Hero or Menace? Exclusive Daily Bugle Photos... (Content publishing)
Not only can you output EPUB files directly using Pandoc, but site generators like mdBook will enable you to publish books as websites, by rendering your table of contents as pages you can navigate through for each chapter.
In addition to the variety of tools that can process and render Markdown content directly within the browser, there are static site generators across numerous ecosystems that can generate page content from Markdown, route them by filename, and manage content using Front Matter -- typically extending it with things like a layout
property that you can use to manage theming by linking to page templates. (You're looking at one right now. This entire site is built using Lume, an site generator that runs on top of Deno, a JavaScript toolchain I particularly enjoy. I'll probably gush about that in its own piece eventually, but not this one.)
You, of course, can also use Markdown to write technical documentation. Aside from more general-purpose tools for managing knowledge, there are also site generators like MkDocs and Docusaurus that are built specifically for this purpose. Moreover, several programming languages come with support for this out of the box -- mdBook for instance is maintained by the Rust team, and is used to maintain first-party documentation for the language.
And did I mention you can build slide decks in Markdown? Instead of fighting with PowerPoint, you can use tools like Marp, Reveal.js, and Slidev to build presentations that use line separators to define slides. They come with their own themes out of the box, but you can of course also define your own using CSS. (Like I said -- this post could have been a presentation.)
And all of this assumes you're not already just using one of the numerous blogging platforms on the Internet that natively support it like Medium or Notion or Ghost or Wordpress or...
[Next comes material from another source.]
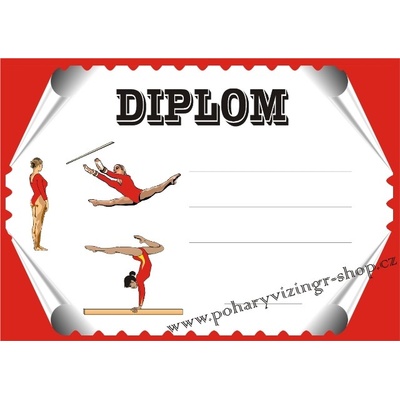 VIZINGR Gymnastika diplom A4 č.11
Anyone can wear the mask (fin)
There are new tools being built around Markdown all the time. The nature of its extensibility is that it's sprawling, so much like how I can't tell you about every text editor, I can't tell you every use for Markdown. Obsidian, for instance, recently shipped an open format for infinite canvas layouts that stores text content in Markdown. Hell, I haven't even used all of the ones I listed myself, because there are always more cropping up. And so I realize that I've maybe just given you the equivalent of a Netflix menu to scroll through for a couple of hours, but my bet (even if I never personally got around to Kakegurui) is that you're going to come across something binge-worthy -- whether you found something fun in this guide, you stumble across something else that uses Markdown later, or you even just find that you're already using it somewhere else on the Internet that you call home.